Acho, honestamente, que as duas razões que me levaram a me libertar do peso
asfixiante de décadas de doutrinação numa tradição religiosa são
suficientemente fortes e consistentes para levar outras pessoas a abandonar também
seus hábitos de vida religiosos. No entanto, uma grande maioria de pessoas no
Ocidente ainda não ousou sequer considerá-las, não se dispõe sequer a cogitar
delas, preferindo viver uma vida nutrida num embuste originário, ao qual o
cristianismo deve sua existência: a ressurreição de Jesus. (talvez, porque,
embora consistentes essas razões, raramente as pessoas abandonam suas
convicções religiosas quando se lhes apresentam argumentos razoáveis). A lógica
falha sistematicamente no cérebro de pessoas que foram expostas, desde tenra
idade, a um sistema de doutrinação religiosa.

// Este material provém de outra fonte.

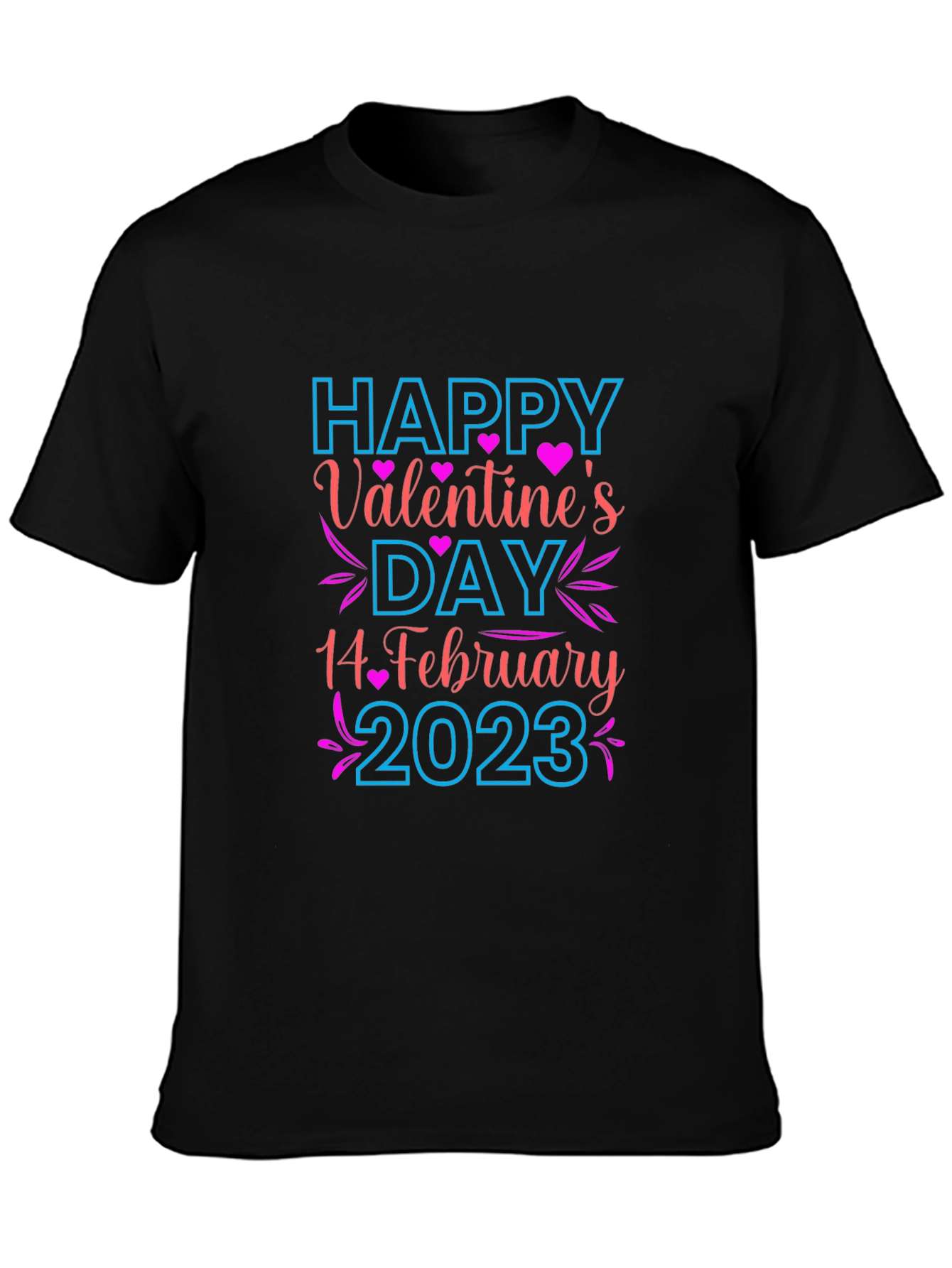 Happy Valentines Day Black T-Shirt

Se a crença na ressurreição de
Jesus nunca tivesse conseguido atrair seguidores, o cristianismo jamais teria
existido. O cristianismo tradicional reza que a morte de Cristo trouxe a
salvação à humanidade. Mas Cristo não poderia morrer verdadeiramente, se
quisessem que alguém acreditasse que Deus trouxe a Salvação. Era preciso
acreditar que Cristo ressuscitou dos mortos e que a sua crucificação não era um
mal, mas um acontecimento planejado por Deus-Pai, cuja boa intenção (salvar os
humanos) justificava o meio (permitir o martírio e a crucificação de seu
filho). A ressurreição (este embuste de pouco mais de 2.000 anos) é o
fundamento da religião cristã. Sem ela, Jesus não passaria de um profeta judeu
apocalíptico (o que ele foi historicamente) que sofrera um fim trágico e
imerecido. Mas, se Jesus nunca tivesse existido, ainda assim se teria
desenvolvido alguma fé semelhante ao cristianismo? É provável que sim. No
século I, época em que viveu Jesus de Nazaré, havia muitos outros candidatos a
Messias, um dos quais era Apolônio de Tiana, que viajava com seus discípulos
curando aleijados, expulsando demônios, recobrando a visão de cegos, etc.

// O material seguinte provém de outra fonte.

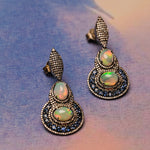 Load image into Gallery viewer, Double Opal & Blue Sapphire Victorian Silver-Gold Drop Earrings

Muitos também acreditavam ser ele o filho de Deus. Apolônio pregava que as
pessoas deveriam se preocupar com o destino de suas almas em vez de se preocupar
com o conforto material. Ele também sofreu perseguição dos romanos, morreu e -
para seus seguidores- ascendeu aos céus. A simetria com a vida de Jesus não é
mera coincidência. Tanto quanto Jesus, Apolônio não sustentava uma doutrina de
amor interétnico (ao contrário do que supõem os cristãos modernos, Jesus não
pregava um amor universal). Na época em que viveu Apolônio, já tinham sido
escritos os evangelhos cristãos. É possível que seus seguidores tenham
construído suas narrativas da vida e do ministério de Apolônio a partir dos
relatos sobre Jesus. Convergências desse tipo eram normais e frequentes. Os
antigos catequizadores trabalhavam num ambiente competitivo, em que uma
religião competia com outras a atenção das pessoas. Para que uma religião fosse
bem-sucedida, era necessário que oferecesse, pelo menos, tantas vantagens
quantas as que a concorrência oferecia. As religiões se desenvolviam acirrando
a concorrência: os seguidores de Jesus odiavam os seguidores de Apolônio, e
estes lhes retribuíam com a mesma moeda de ódio.

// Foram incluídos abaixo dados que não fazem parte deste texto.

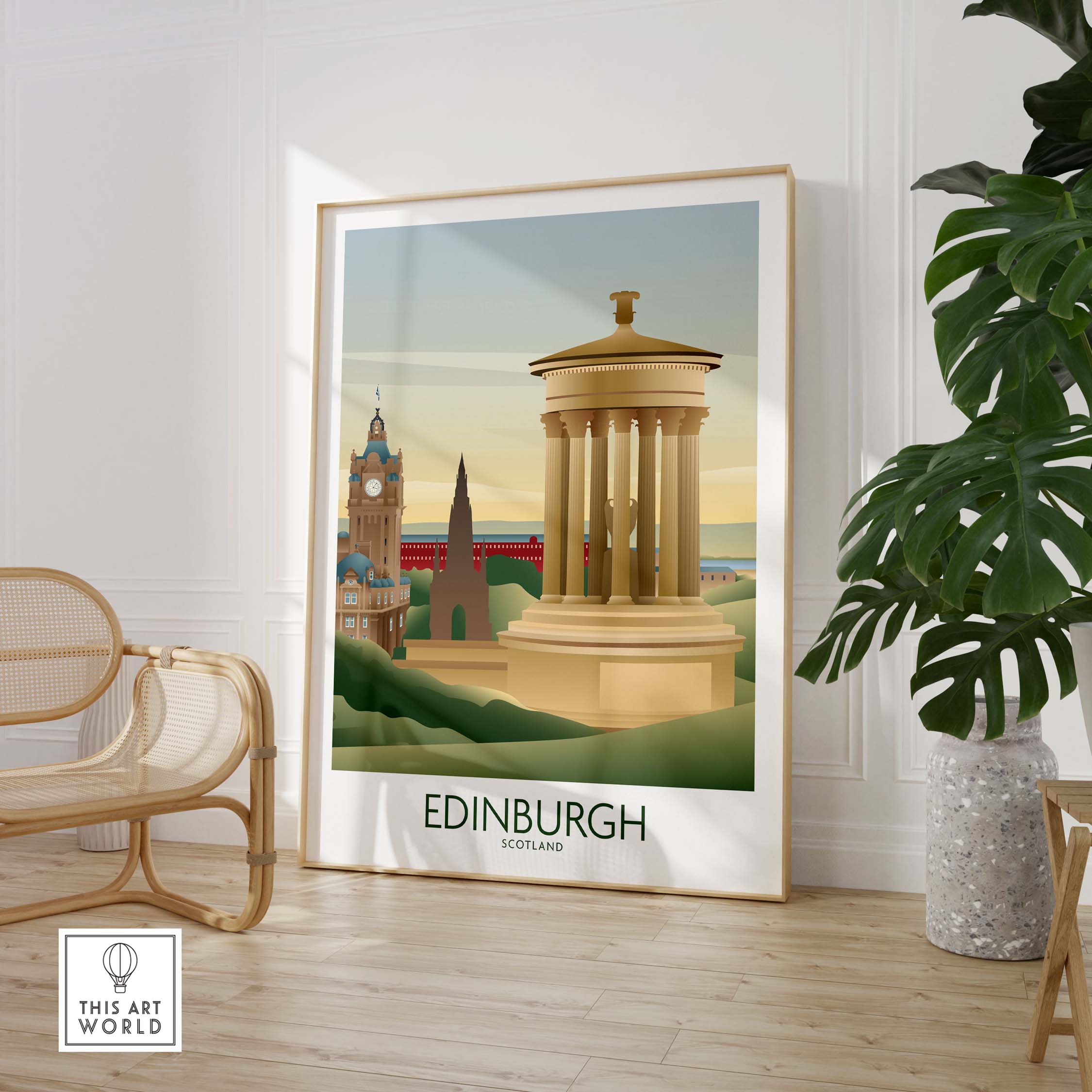Edinburgh Wall Art Print showcasing iconic Scottish landmarks in a stylish interior setting.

Este é apenas um dos muitos exemplos hauridos da investigação da
história da formação do cristianismo que, uma vez conhecidos, tornam difícil
legitimar a crença no Deus cristão como o único Deus verdadeiramente existente
e em Cristo como o Messias que se identificou com a própria Verdade, levando
Pilatos, tomado de perplexidade, a questionar: “Que é a verdade?” (João 18:
38).
“Conhecereis a Verdade e a Verdade vos libertará”. (João 8: 32)
Mas, nesse caso, já não perguntamos nós hoje o que é a verdade, mas como
seus efeitos (discursivos) se produzem na história.